Required action: Copy the material below verbatim from the line with "Gucci Blue Sequin" to the line with "Female Mobile Crossbody", both lines included, omitting pictures and every line outside that range.

Dataset:
* * *

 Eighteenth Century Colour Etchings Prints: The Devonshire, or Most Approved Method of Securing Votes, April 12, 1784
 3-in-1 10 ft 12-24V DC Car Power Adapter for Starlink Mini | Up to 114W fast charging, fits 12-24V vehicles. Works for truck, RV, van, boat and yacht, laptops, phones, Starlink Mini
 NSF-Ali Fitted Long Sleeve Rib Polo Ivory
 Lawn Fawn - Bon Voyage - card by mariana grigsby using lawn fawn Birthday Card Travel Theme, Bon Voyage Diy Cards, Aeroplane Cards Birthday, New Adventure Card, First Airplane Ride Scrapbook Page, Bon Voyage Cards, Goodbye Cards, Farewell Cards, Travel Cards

* * *

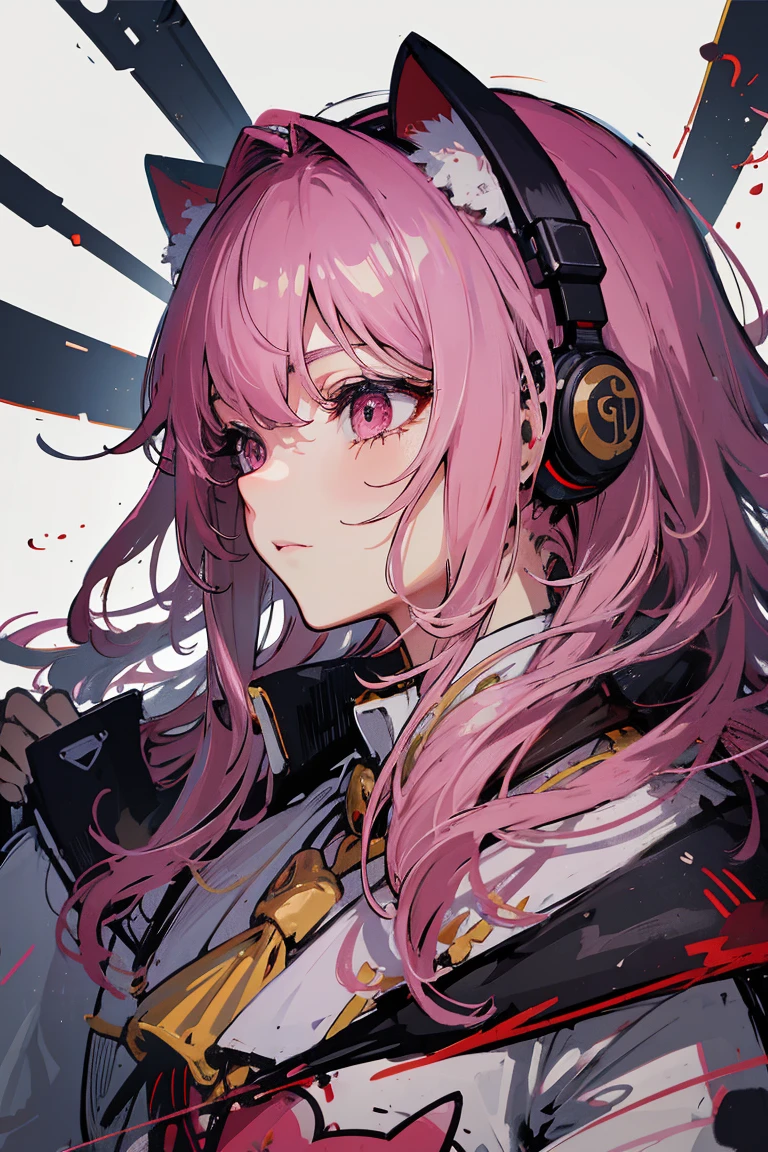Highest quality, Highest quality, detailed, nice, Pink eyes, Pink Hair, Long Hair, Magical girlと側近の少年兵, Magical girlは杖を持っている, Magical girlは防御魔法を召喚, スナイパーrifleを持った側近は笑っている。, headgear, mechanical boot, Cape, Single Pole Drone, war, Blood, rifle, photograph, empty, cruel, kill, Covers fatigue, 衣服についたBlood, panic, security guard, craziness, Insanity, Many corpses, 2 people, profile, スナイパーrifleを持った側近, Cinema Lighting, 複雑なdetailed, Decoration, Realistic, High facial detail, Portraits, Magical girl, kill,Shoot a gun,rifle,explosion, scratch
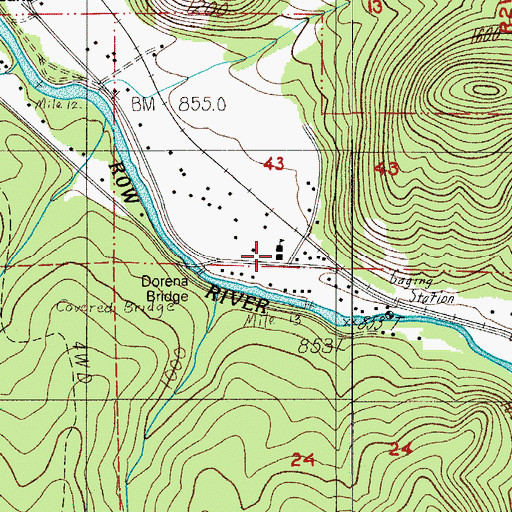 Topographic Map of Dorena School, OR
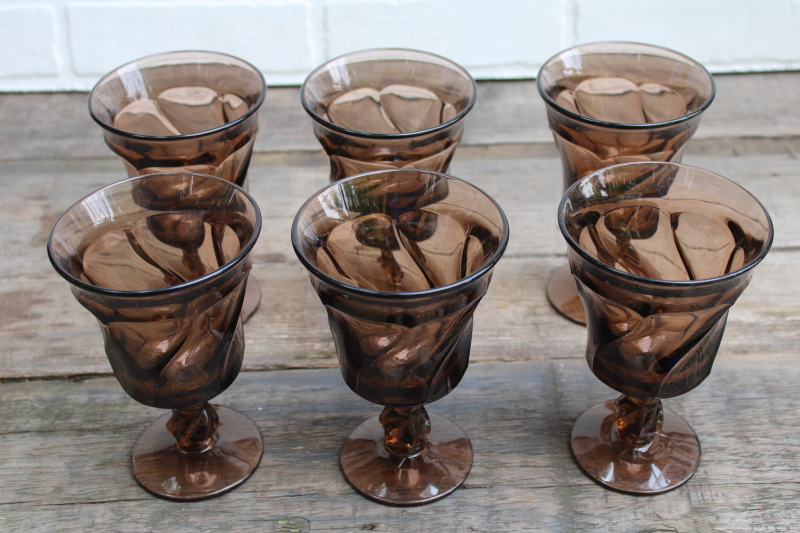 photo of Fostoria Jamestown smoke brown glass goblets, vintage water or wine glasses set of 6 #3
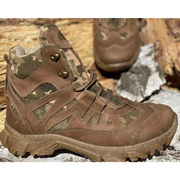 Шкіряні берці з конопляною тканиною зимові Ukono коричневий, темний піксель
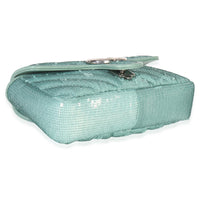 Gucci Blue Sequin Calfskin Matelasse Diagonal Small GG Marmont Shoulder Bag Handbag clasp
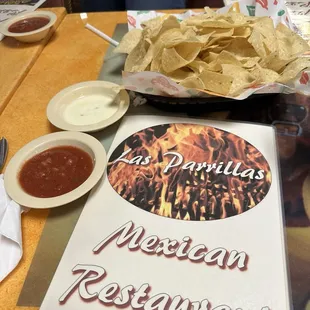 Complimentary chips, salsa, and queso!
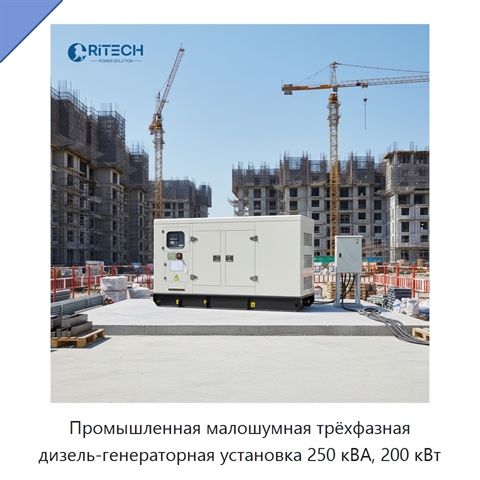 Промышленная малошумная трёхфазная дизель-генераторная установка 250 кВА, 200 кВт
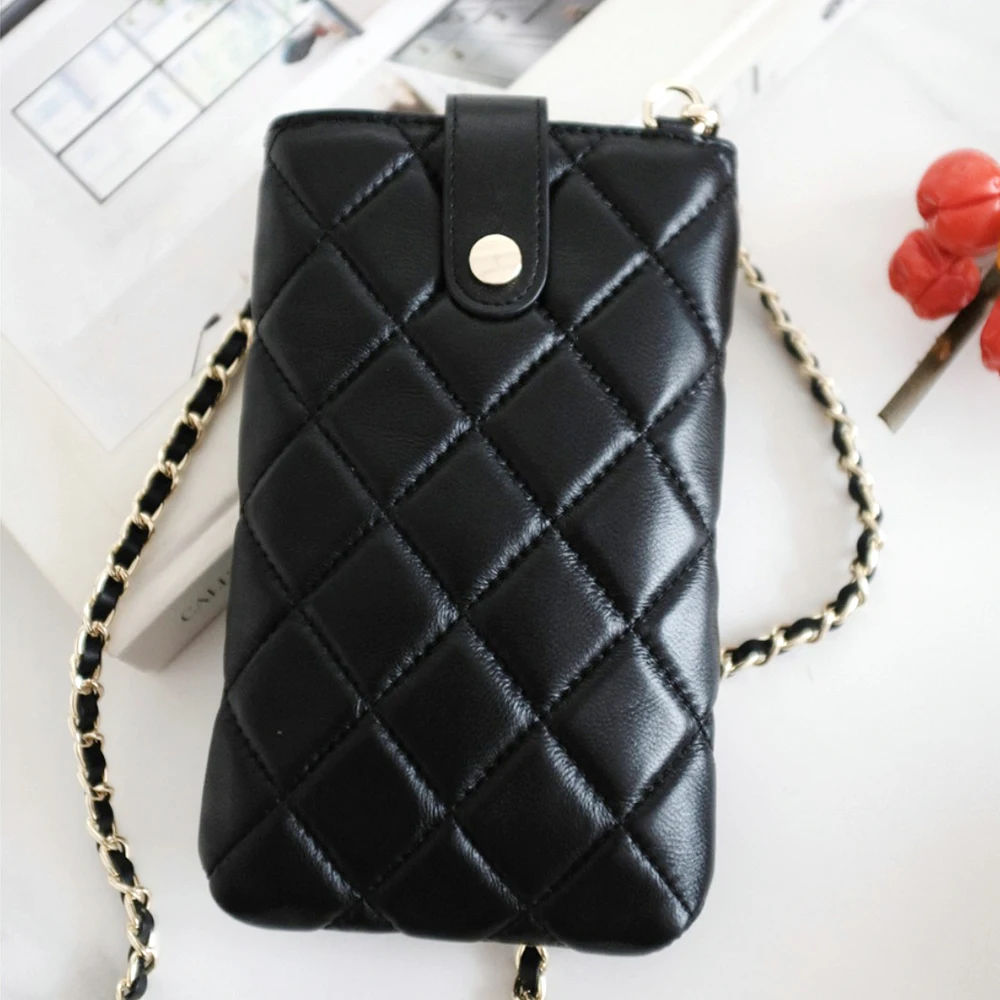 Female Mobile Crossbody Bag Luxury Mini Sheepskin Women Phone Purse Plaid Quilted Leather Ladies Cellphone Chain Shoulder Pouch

* * *

Solution:
 Gucci Blue Sequin Calfskin Matelasse Diagonal Small GG Marmont Shoulder Bag Handbag clasp
 Complimentary chips, salsa, and queso!
 Промышленная малошумная трёхфазная дизель-генераторная установка 250 кВА, 200 кВт
 Female Mobile Crossbody Bag Luxury Mini Sheepskin Women Phone Purse Plaid Quilted Leather Ladies Cellphone Chain Shoulder Pouch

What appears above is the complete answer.